Episode Sounds: 1ACV11 - Mars University
Alternative Futurama Theme: Mars U
Farnsworth: "Good news, everyone! We've got a very special delivery today."
Fry: "Who's it going to?"
Bender: "Another job well done."
Farnsworth: "Well, in those days, Mars was just a dreary uninhabitable wasteland. Much like Utah. But unlike Utah, it was eventually made livable."
Oily: "Bender? Wow! You're a legend around here."
Fatbot: "I heard that in one single night, you drank a whole keg, streaked across campus and crammed 58 humans into a phone booth."
Bender: "Yeah, well, a lot of them were children."
Fry: "I'm a certified college dropout."
Leela: "Please... Everyone knows 20th century colleges were basically expensive day care centers."
Farnsworth: "That's true. By current academic standards, you're merely a high school dropout."
Fry: "What?! That's not fair. I deserve the same respect any other college dropout gets. By God, I'm going to enroll here at Mars University and drop out all over again!"
Fry: "Hey, Professor, what are you teaching this semester?"
Farnsworth: "Same thing I teach every semester. The mathematics of quantum neutrino fields. I made up the title so that no student would dare take it."
Fry: "Mathematics of wanton burrito meals. I'll be there!"
Farnsworth: "Please, Fry! I don't know how to teach. I'm a professor!"
Leela: "So what makes Gunther talk?"
Fry: "Is he genetically engineered?"
Farnsworth: "Oh, please.
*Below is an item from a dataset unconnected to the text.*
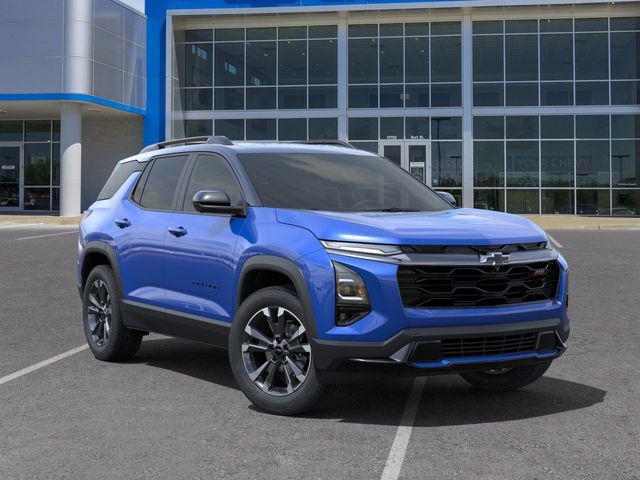 new 2025 Chevrolet Equinox car, priced at $36,430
That's preposterous science fiction mumbo jumbo. Gunther's intelligence actually lies in his electronium hat, which harnesses the power of sunspots to produce cognitive radiation."
Farnsworth: "Fry, that monkey is my most important experiment. If you two don't stop fighting I'll have you both neutered."
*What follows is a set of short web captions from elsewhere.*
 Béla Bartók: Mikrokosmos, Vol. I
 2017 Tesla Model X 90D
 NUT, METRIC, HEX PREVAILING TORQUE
Fry: "Hehe, that'll show him."
Leela: "What you did to Gunther was cruel. At the risk of sounding like an after-school special: I think we learned who the real animal was today."
Fry: "You mean peer pressure?"
Farnsworth: "Oh, I always feared he might run off like this. Why, why, why didn't I break his legs??"
Leela: "So he just ran away in the middle of the exam?"
Farnsworth: "I'm afraid so. All he handed in was a paper smeared with feces. He tied with Fry."
Farnsworth: "Come on, Gunther. Take the hat!"
Fry: "No, the banana. The banana!"
Farnsworth: "Consider the philosophical and metaphysical ramifications of the ..."
Fry: "Banana, banana, banana!"
Leela: "Climb up the vine! You can still save yourself!"
Gunther: "Why bother? I've got nothing to live for. I was miserable as a genius and as a monkey I was so dumb I tried to wear a hat on my butt!"
Fry: *snort* "Hehehehe"
Gunther: "There's just no place for me in this world. Although, on the other hand..." *snap* "Yaaaaaaaaaaaaaaaaaa." *splash*
Farnsworth: "Oh, that poor sweet monkey. Well, let's go gather him up. There's no sense letting him go to waste."
Farnsworth: "But, what about your super-intelligence?"
Gunther: "When I had that there was too much pressure to use it. All I want out of life is to be a monkey of moderate intelligence who wears a suit. That's why I've decided to transfer to business school!"